▸ Aim of the task
Repeat verbatim what the listing holds, but not its pictures.

▸ Data segment
_____

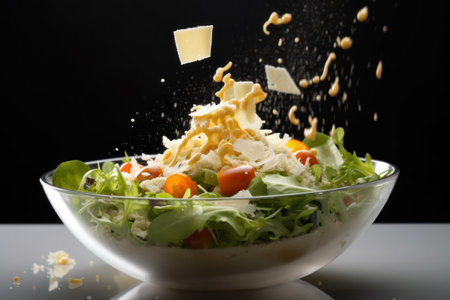 salad with cheese and vegetables in a glass bowl on a black backgroundの素材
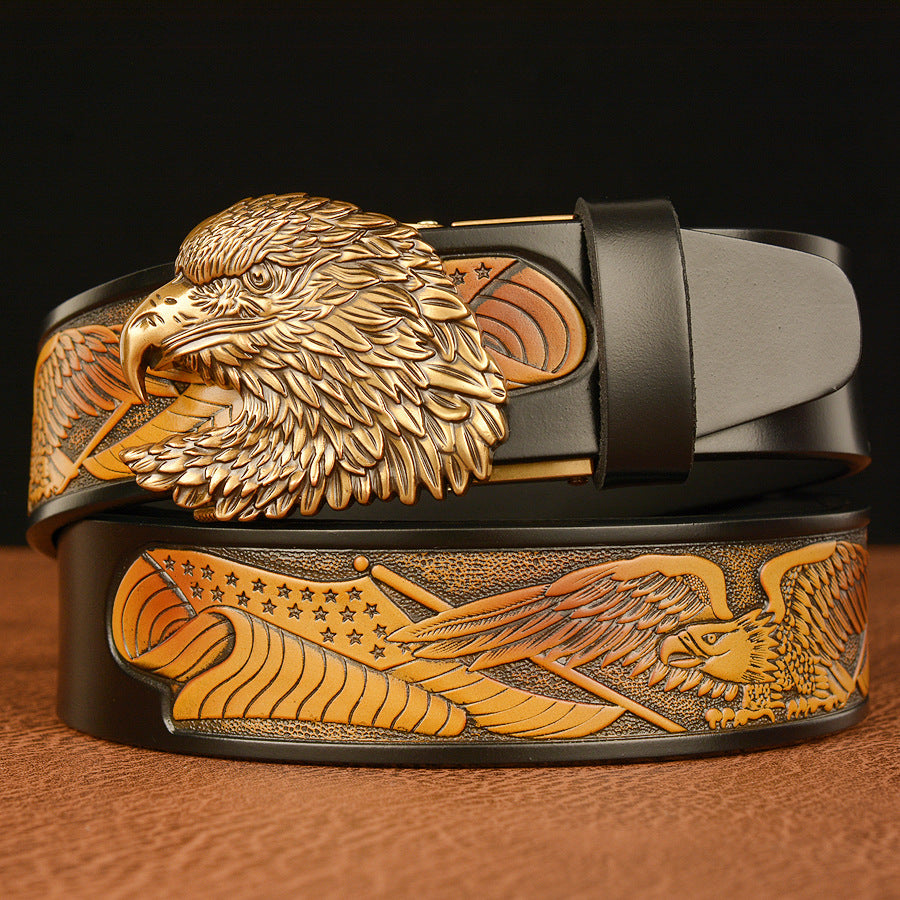 VAAGOON Black Eagle Patterned Three-Layer Leather Belt – Wide Eagle Buckle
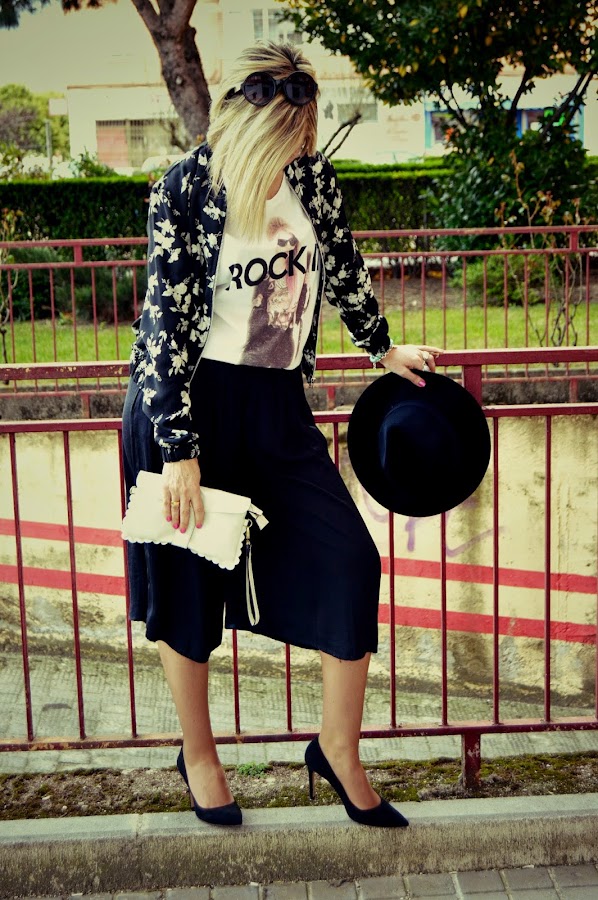 Pantalones Culottes Tendencia bomber message t-shirt fedora stilettos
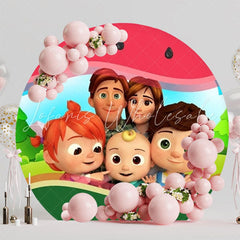 Cheerful Cocomelon Round Backdrop For Fun Toddler Party Theme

_____

▸ Output
 salad with cheese and vegetables in a glass bowl on a black backgroundの素材
 VAAGOON Black Eagle Patterned Three-Layer Leather Belt – Wide Eagle Buckle
 Pantalones Culottes Tendencia bomber message t-shirt fedora stilettos
 Cheerful Cocomelon Round Backdrop For Fun Toddler Party Theme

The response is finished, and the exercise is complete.